Your objective: Beginning with the line that contains "Kit de rotors" and ending with the line that contains "BMW 3 Serie", reproduce the lines of the entries below exactly, omitting pictures.

***** Exercise materials *****

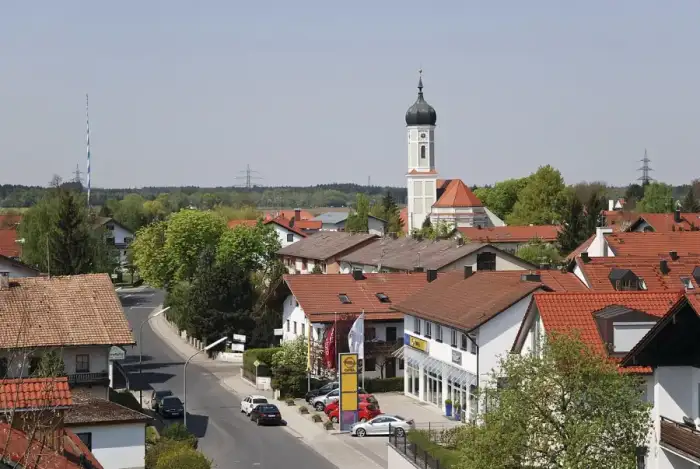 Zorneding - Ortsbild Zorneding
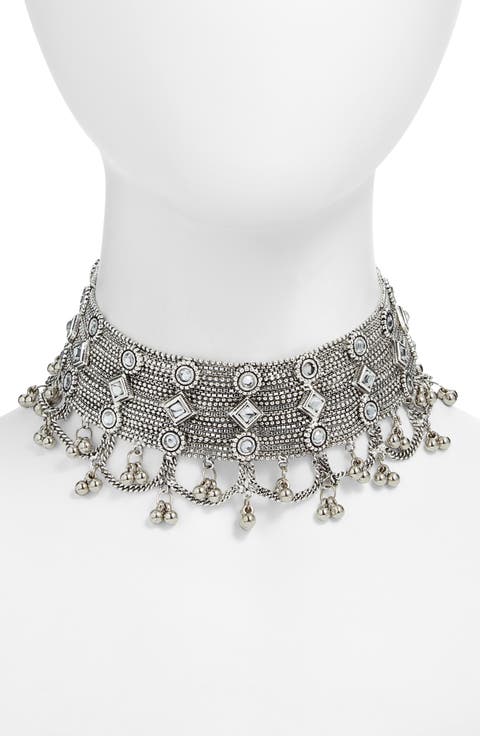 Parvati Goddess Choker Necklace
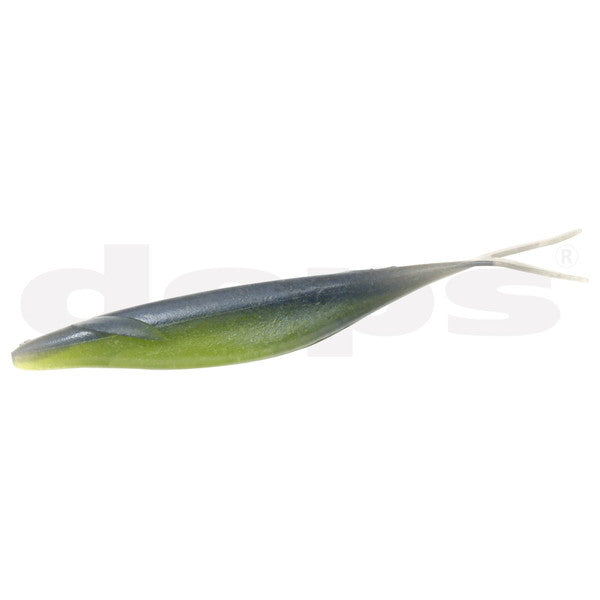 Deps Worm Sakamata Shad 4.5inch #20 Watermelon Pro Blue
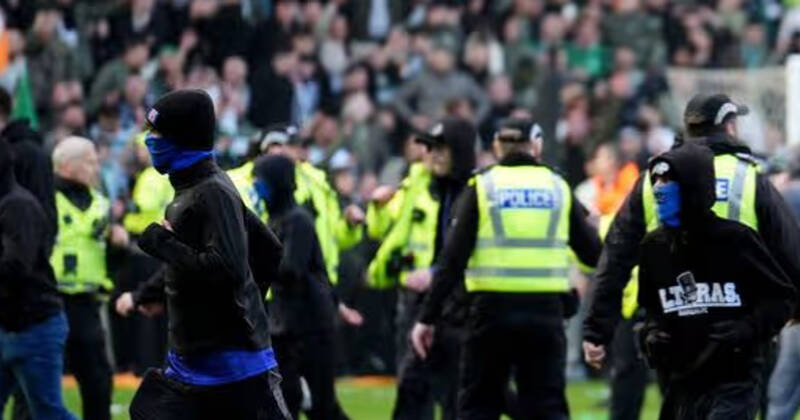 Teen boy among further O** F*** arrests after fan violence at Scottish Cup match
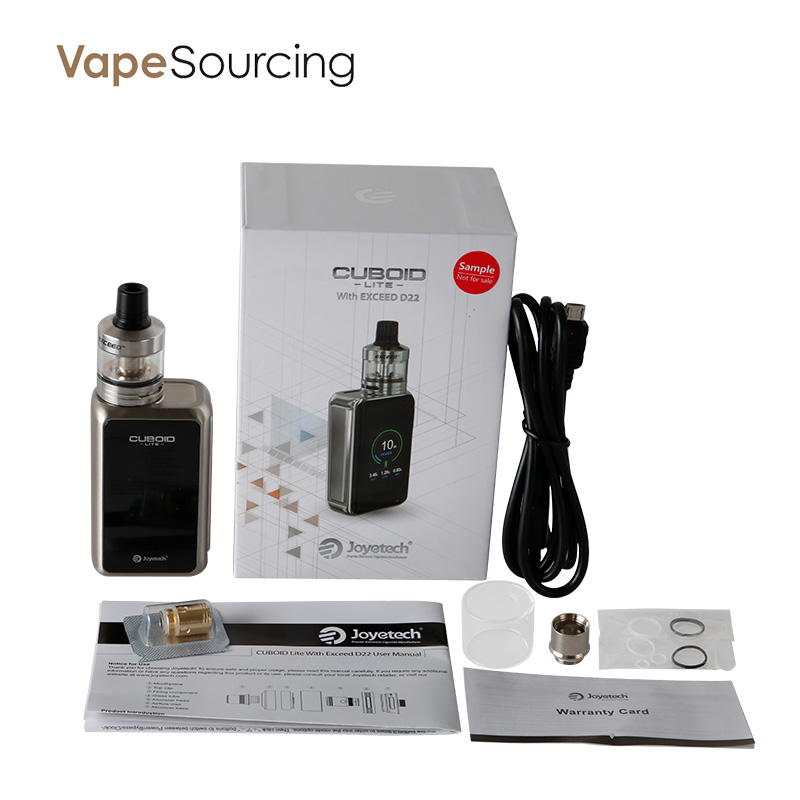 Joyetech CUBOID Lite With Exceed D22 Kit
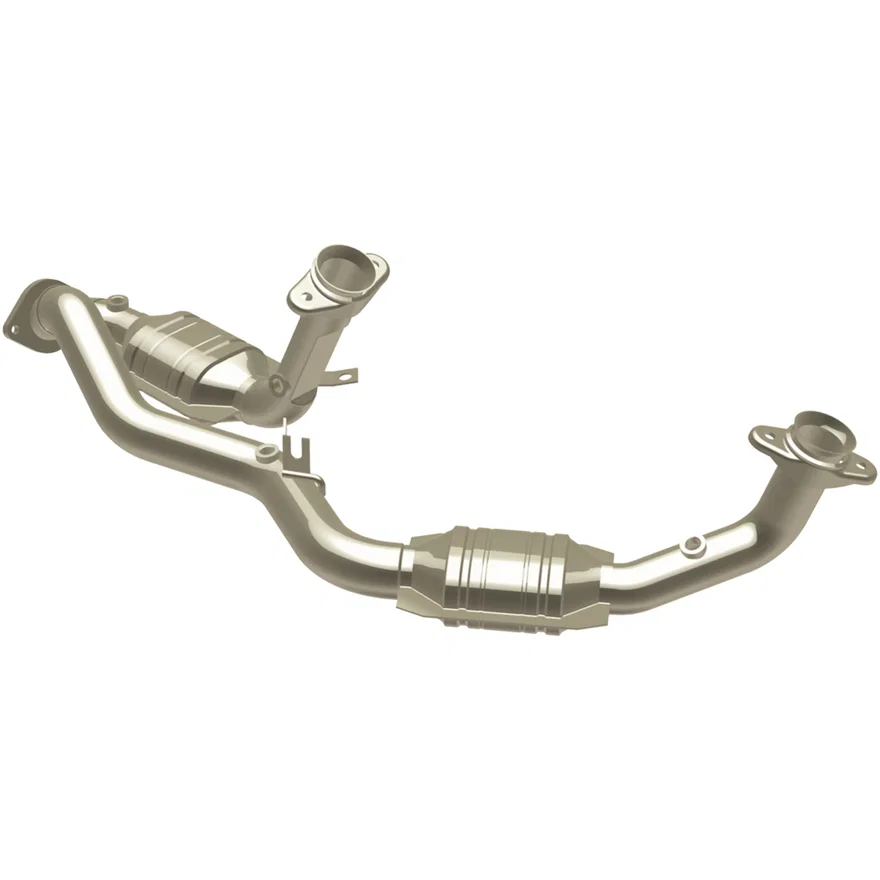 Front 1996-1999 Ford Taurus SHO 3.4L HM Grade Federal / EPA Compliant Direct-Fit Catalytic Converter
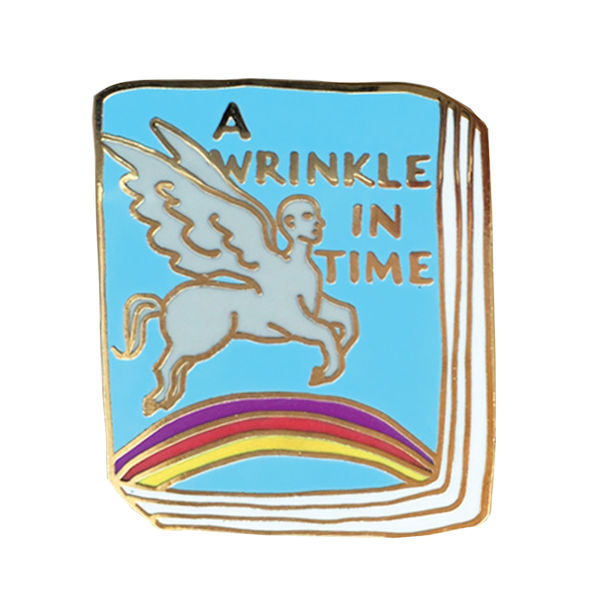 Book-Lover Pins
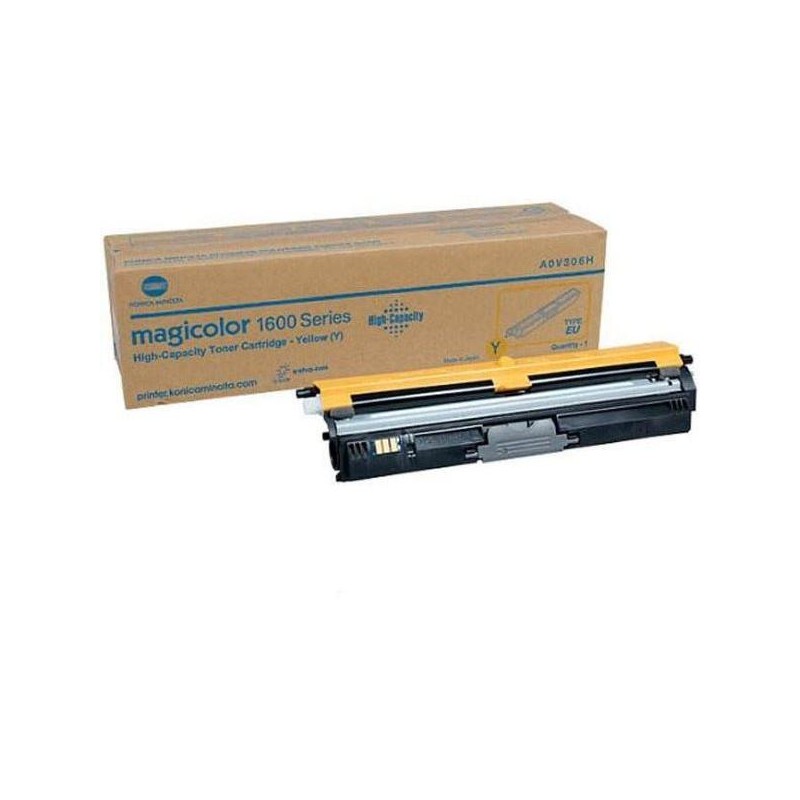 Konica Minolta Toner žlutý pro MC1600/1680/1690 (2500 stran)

*****
***** Exercise materials *****

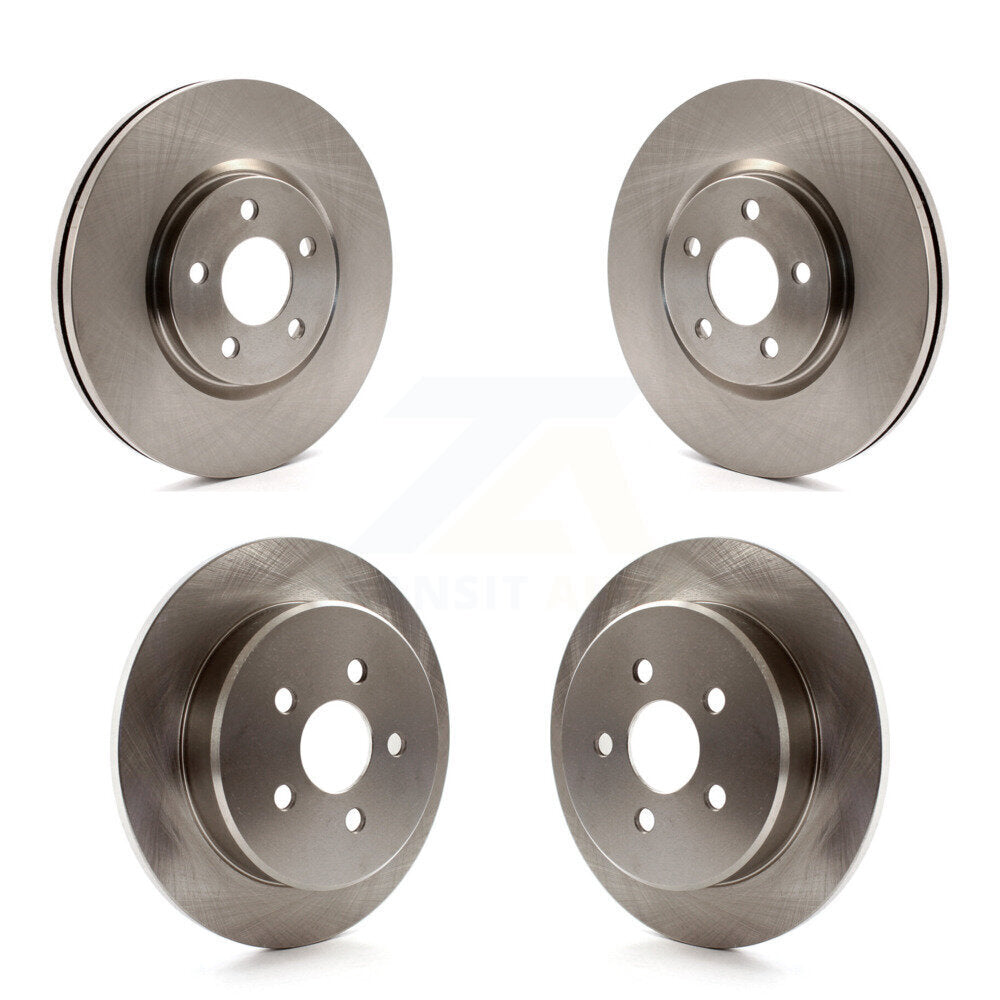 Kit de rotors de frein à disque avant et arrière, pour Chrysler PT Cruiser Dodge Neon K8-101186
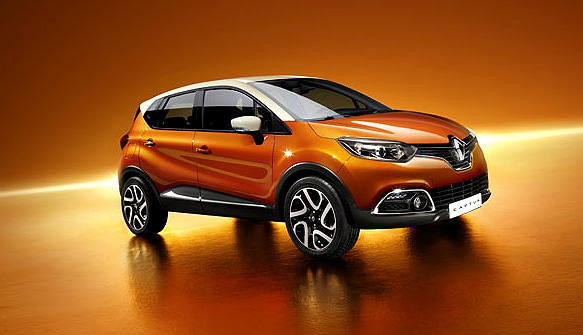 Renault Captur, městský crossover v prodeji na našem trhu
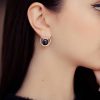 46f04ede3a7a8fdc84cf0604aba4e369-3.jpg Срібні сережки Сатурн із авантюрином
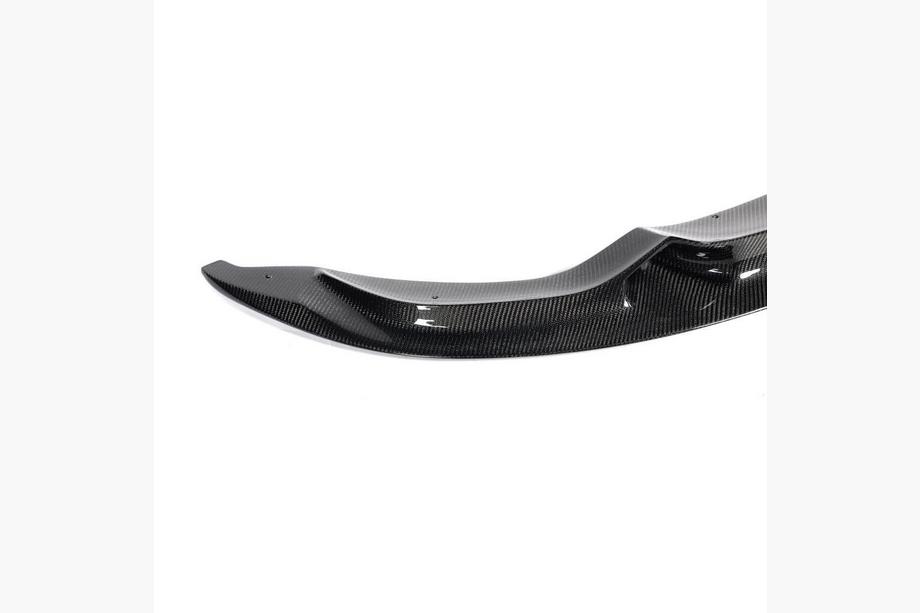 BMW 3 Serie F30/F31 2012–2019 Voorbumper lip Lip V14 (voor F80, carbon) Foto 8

*****

Written solution:
 Kit de rotors de frein à disque avant et arrière, pour Chrysler PT Cruiser Dodge Neon K8-101186
 Renault Captur, městský crossover v prodeji na našem trhu
 46f04ede3a7a8fdc84cf0604aba4e369-3.jpg Срібні сережки Сатурн із авантюрином
 BMW 3 Serie F30/F31 2012–2019 Voorbumper lip Lip V14 (voor F80, carbon) Foto 8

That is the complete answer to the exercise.